This page provides both general and specific tips for running on XSEDE infrastructure. General information is provided first, and then tips are listed by machine name (i.e. Lonestar, Kraken, Trestles, Stampede etc). If you are interested in running on a specific machine, please scroll down until you see the machine name.
If you do not see a particular machine name, BigJob may run on this machine but not be supported yet in the documentation. Please feel free to email bigjob-users@googlegroups.com to request machine information to be added.
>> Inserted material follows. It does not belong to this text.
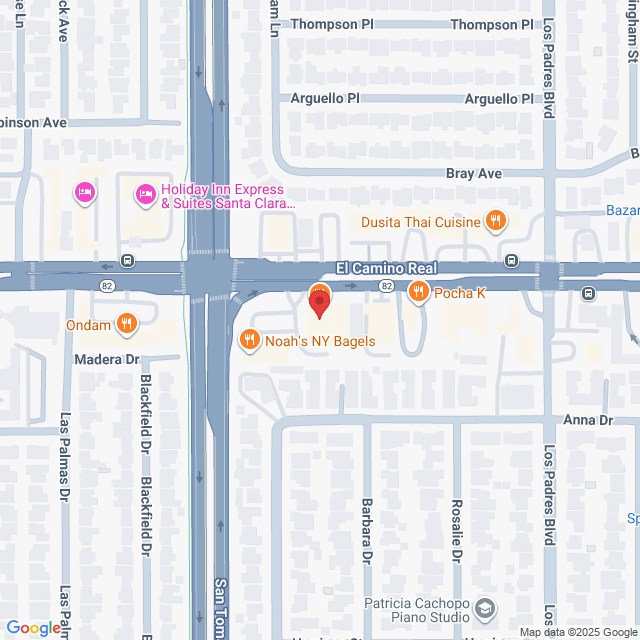 2364 El Camino Real, Santa Clara, CA 95050, USA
In general, on XSEDE machines, production-grade science should be done in either the $SCRATCH or $WORK directories on the machine. This means you will run your BigJob script and make your BigJob agent directory in either $SCRATCH or $WORK and not in $HOME.
When creating BigJob scripts for XSEDE machines, it is necessary to add the project field to the pilot_compute_description.
"project": "TG-XXXXXXXXX"
TG-XXXXX must be replaced with your individual allocation SU number as provided to you by XSEDE.
Stampede uses the SLURM batch queuing system. When editing your scripts, the service_url should be set to slurm+ssh://login1.stampede.tacc.utexas.edu.
Installation of a virtual environment on Lonestar requires the use of a higher python version than the default. In order to load Python 2.7.x before installing the virtual environment, please execute:
module load python
Then you can proceed with the Installation instructions, and make sure that you activate your virtual environment in your .bashrc before you try to run BigJob.
You will need to put the following two lines in both your .bashrc and your .bash_profile in order to run on Ranger. This is due to the fact that interactive shells source a different file than regular shells.
module load python
source $HOME/bigjob/.python/bin/activate
Lonestar uses the Sun Grid Engine (SGE) batch queuing system. When editing your scripts, the service_url should be set to sge://localhost for running locally on Lonestar or sge+ssh://lonestar.tacc.utexas.edu for running remotely.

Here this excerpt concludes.